His parents were the high school professor , syndic in Hanau, secret government and court judge Johann Balthasar Hundeshagen (1734-1800) and his wife Dorothea Charlotte Stein , a sister of the professor of medicine Georg Wilhelm Stein . His older brother was the forest scientist Johann Christian Hundeshagen .

Life

Hundeshagen studied law with Jacob Grimm in Marburg under Friedrich Carl von Savigny from 1802 to 1803 . He continued his studies from 1804 to 1806 in Göttingen . After graduating, he worked at the court in Hanau. In addition, he dealt with the history of art, especially with the architecture of antiquity and the Middle Ages. In Hanau he campaigned in vain for the preservation of the city gates of the city ​​fortifications and wrote a work on the 12th century Pfalz Gelnhausen . He was one of the first to take an art-historical interest in Romanesque architecture, which at that time was still known as Neo-Byzantine.
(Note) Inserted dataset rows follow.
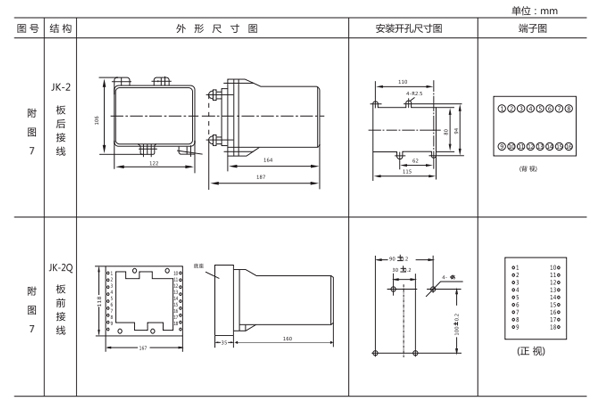 安裝尺寸 安裝尺寸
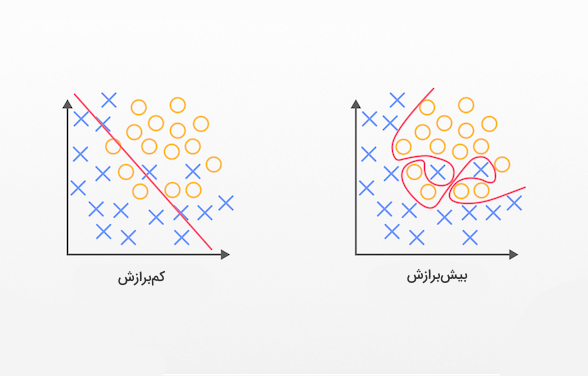 بیش برازش و کم برازش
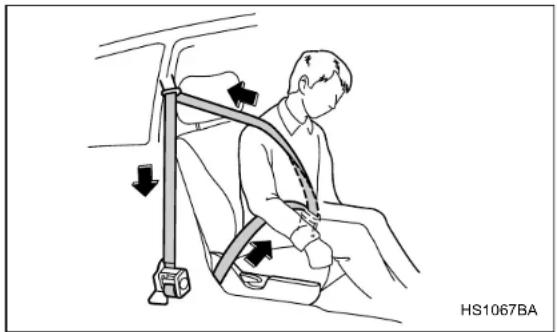 Illustration of a person seated in a car seatbelt with arrows indicating seat movement (no text or symbols)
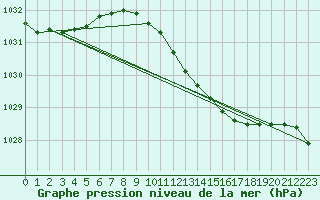 Courbe de la pression atmosphrique pour Diepholz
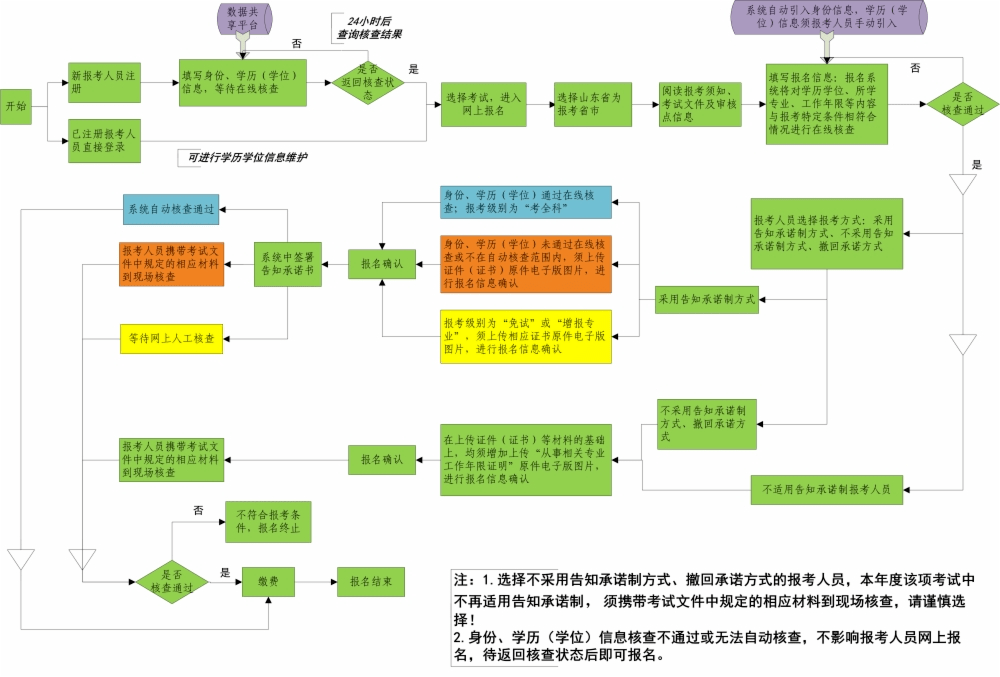 31aa0808028148d7b945f46f74ad3110.png
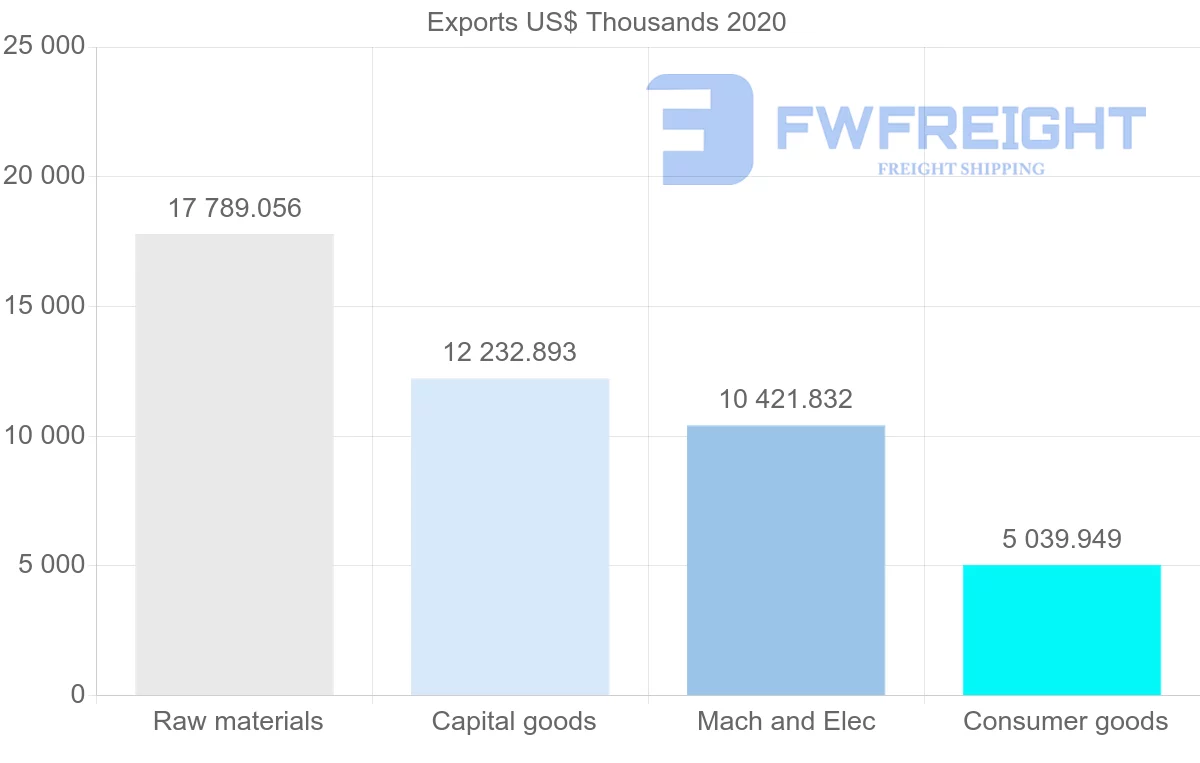 Shipping company from Netherlands to Brunei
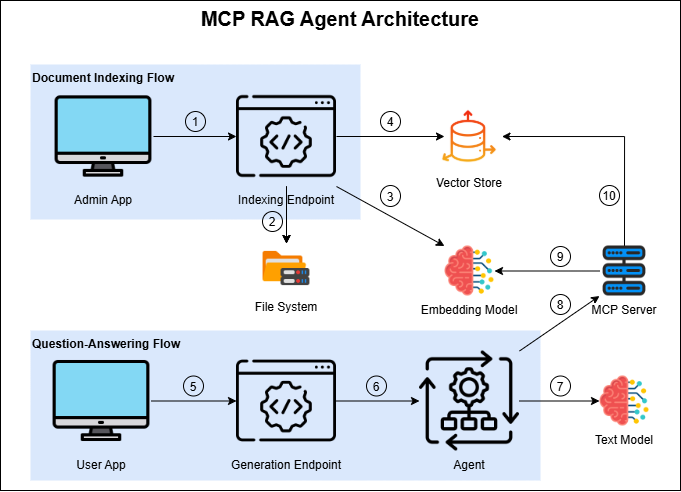 Architecture Diagram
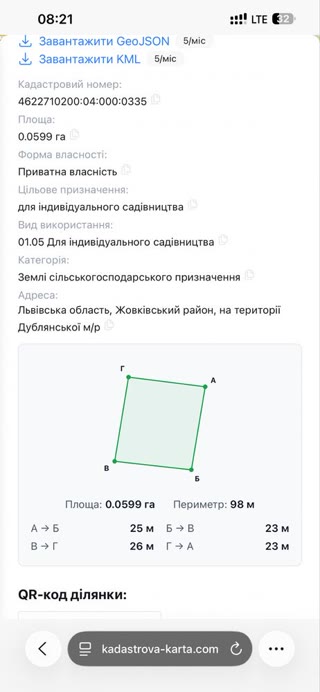 Продаж земельної ділянки 6 соток у Дублянах, поруч зі Львовом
In 1808 he sent a manuscript on the Parthenon to Goethe's publisher Heinrich Meyer , perhaps in the hope of getting Goethe's approval for his work. In 1813 he was appointed to the public library in Wiesbaden as a librarian , where he oversaw the liquidation of the monastery libraries. Here he succeeded in acquiring the Oculus Memoriae again and making it accessible to scientific research. During his activity in Wiesbaden he came into contact with Goethe and Carl Friedrich Zelter . Goethe visited Wiesbaden for a cure in 1814/15. Hundeshagen also worked there as an archaeologist . He accompanied the uncovering of the thermal baths at the Kochbrunnen near the white lion and reported to Goethe, who showed great interest in it, in a letter in January 1816. In Wiesbaden he also met the Prussian councilor Wilhelm Dorow , who had been there for a cure since late autumn 1817 and was in carried out archaeological investigations in the Wiesbaden area in the following weeks. Hundeshagen drew several finds for Dorow's publication, which appeared in 1819 with the title: Sacrifice Site and Burial Mound of the Teutons and Romans on the Rhine . Hundeshagen was also involved in other important excavations of Dorow and their evaluation in the next few years, for example in the Niederbieber fort near Neuwied.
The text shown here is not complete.